→ **ASSIGNMENT**: Repeat, exactly as written, the lines of the records below from the first through the line with "Cheerful curly blonde", but none past it.

*** PROVIDED RECORDS Section Begins ***

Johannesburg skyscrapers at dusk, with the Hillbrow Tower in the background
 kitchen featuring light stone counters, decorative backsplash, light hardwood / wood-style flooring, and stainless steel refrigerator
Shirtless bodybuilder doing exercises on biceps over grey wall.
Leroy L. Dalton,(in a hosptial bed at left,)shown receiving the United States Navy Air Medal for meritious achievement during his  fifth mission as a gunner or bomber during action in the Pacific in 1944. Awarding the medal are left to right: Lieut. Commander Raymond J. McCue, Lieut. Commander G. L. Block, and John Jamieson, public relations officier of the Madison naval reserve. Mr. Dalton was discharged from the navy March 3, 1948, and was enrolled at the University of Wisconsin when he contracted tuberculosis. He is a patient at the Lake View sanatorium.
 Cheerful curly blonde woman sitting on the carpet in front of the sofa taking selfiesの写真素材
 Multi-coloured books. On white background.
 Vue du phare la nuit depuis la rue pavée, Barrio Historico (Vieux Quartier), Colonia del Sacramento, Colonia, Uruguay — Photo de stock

*** PROVIDED RECORDS Section Ends ***

→ **YOUR RESPONSE**:
Johannesburg skyscrapers at dusk, with the Hillbrow Tower in the background
 kitchen featuring light stone counters, decorative backsplash, light hardwood / wood-style flooring, and stainless steel refrigerator
Shirtless bodybuilder doing exercises on biceps over grey wall.
Leroy L. Dalton,(in a hosptial bed at left,)shown receiving the United States Navy Air Medal for meritious achievement during his  fifth mission as a gunner or bomber during action in the Pacific in 1944. Awarding the medal are left to right: Lieut. Commander Raymond J. McCue, Lieut. Commander G. L. Block, and John Jamieson, public relations officier of the Madison naval reserve. Mr. Dalton was discharged from the navy March 3, 1948, and was enrolled at the University of Wisconsin when he contracted tuberculosis. He is a patient at the Lake View sanatorium.
 Cheerful curly blonde woman sitting on the carpet in front of the sofa taking selfiesの写真素材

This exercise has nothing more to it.